#### WHAT YOU SHOULD DO
Write out each record again exactly as it stands.

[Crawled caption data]
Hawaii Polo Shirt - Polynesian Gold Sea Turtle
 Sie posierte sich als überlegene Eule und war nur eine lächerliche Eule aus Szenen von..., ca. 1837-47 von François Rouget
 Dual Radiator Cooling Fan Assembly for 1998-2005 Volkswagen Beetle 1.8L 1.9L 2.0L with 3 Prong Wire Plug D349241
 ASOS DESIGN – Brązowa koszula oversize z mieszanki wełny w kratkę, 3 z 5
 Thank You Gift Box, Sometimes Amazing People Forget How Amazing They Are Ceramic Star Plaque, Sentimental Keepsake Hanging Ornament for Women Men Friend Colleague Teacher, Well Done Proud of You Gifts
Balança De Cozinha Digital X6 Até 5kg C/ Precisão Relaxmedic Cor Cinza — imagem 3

#### PROBLEM SOLUTION
Hawaii Polo Shirt - Polynesian Gold Sea Turtle
 Sie posierte sich als überlegene Eule und war nur eine lächerliche Eule aus Szenen von..., ca. 1837-47 von François Rouget
 Dual Radiator Cooling Fan Assembly for 1998-2005 Volkswagen Beetle 1.8L 1.9L 2.0L with 3 Prong Wire Plug D349241
 ASOS DESIGN – Brązowa koszula oversize z mieszanki wełny w kratkę, 3 z 5
 Thank You Gift Box, Sometimes Amazing People Forget How Amazing They Are Ceramic Star Plaque, Sentimental Keepsake Hanging Ornament for Women Men Friend Colleague Teacher, Well Done Proud of You Gifts
Balança De Cozinha Digital X6 Até 5kg C/ Precisão Relaxmedic Cor Cinza — imagem 3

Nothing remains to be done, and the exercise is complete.